The present invention relates to a kind of fluorescence navigation imaging system more particularly to a kind of high-precision near-infrared fluorescent navigation at As system and method.

Background technology

Near-infrared fluorescent developing technique has been widely used in target site development and assessment in operation now, such as：Lymph System, blood circulation system and linked groups etc..The imaging system for adapting to the technology normally only provides one-color fluorescence imaging, no back of the body The display of scape information, it is difficult to accurately confirm the corresponding position of fluorescence and actual tissue, it is accurate that patient is guided to position target site. In order to intuitively show that background tissue information and corresponding fluorescence, existing product obtain tissue by the method for double camera spectroscopic imaging White light figure and fluorogram, and on the basis of White-light image, fluorescence signal on label, as navigation picture in accurate art.It is double Camera system is imaged using the same camera lens, and it is photosensitive to realize that white light and fluorescence separate by light-splitting device, is closed using algorithm At output near-infrared fluorescent navigation picture；But it is limited to imaging spectrometer light path, the focal length of imaging lens cannot be too short, therefore It cannot accomplish Wide-angle, when needing the big visual field, need larger operating distance, it is inconvenient to use.

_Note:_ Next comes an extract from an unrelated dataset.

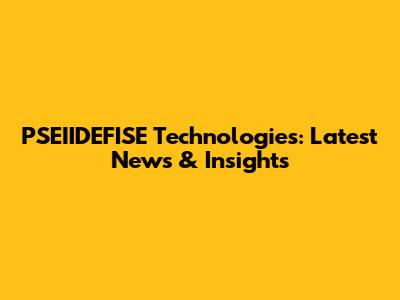 PSEIIDEFISE Technologies: Latest News & Insights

Therefore, the existing technology needs to be improved and developed.

Invention content

The purpose of the present invention is to provide a kind of high-precision near-infrared fluorescent navigation imaging system and methods, it is intended to solve existing The field angle limitation problem of some double camera fluorescence navigation systems.

Technical scheme is as follows：A kind of high-precision near-infrared fluorescent navigation imaging system, wherein including short-pass Optical filter；First lens；Visible light photosensitive element；Long wave pass filter；Second lens；Near-infrared fluorescent photosensitive element；Image Processing module；Display；The visible light photosensitive element and near-infrared fluorescent photosensitive element are connect with image processing module respectively；

After white light and exciting light that external light source is sent out reach tissue, wherein white light and part exciting light by Tissue reflectance, due to White light may carry color after being reflected, for by the white light of Tissue reflectance, hereinafter referred to as visible light；Meanwhile a part swashs The fluorescent molecular organized that shines absorbs, and inspires near-infrared fluorescent；The short wave pass filter reflects near-infrared fluorescent and swashs It shines, through visible light；Through short wave pass filter visible light by the first lens focus, image in visible light photosensitive element； The long wave pass filter piece reflection visible light and exciting light, through near-infrared fluorescent；It is glimmering through the near-infrared of long wave pass filter Light images in near-infrared fluorescent photosensitive element by the second lens focus；The image of visible light photosensitive element and near-infrared fluorescent sense The image of optical element is transferred to image processing module and is handled；Image processing module is from visible images and near-infrared fluorescent Frame out overlapping region is cut on image, and by the image of near-infrared fluorescent photosensitive element, passes through algorithm fusion to visible light figure As upper, visible images of the formation with fluorescence navigation markup, and be transferred to display and show.

The high-precision near-infrared fluorescent navigates imaging system, wherein preferably, the focal distance ratio of second lens the The focal length of one lens is short.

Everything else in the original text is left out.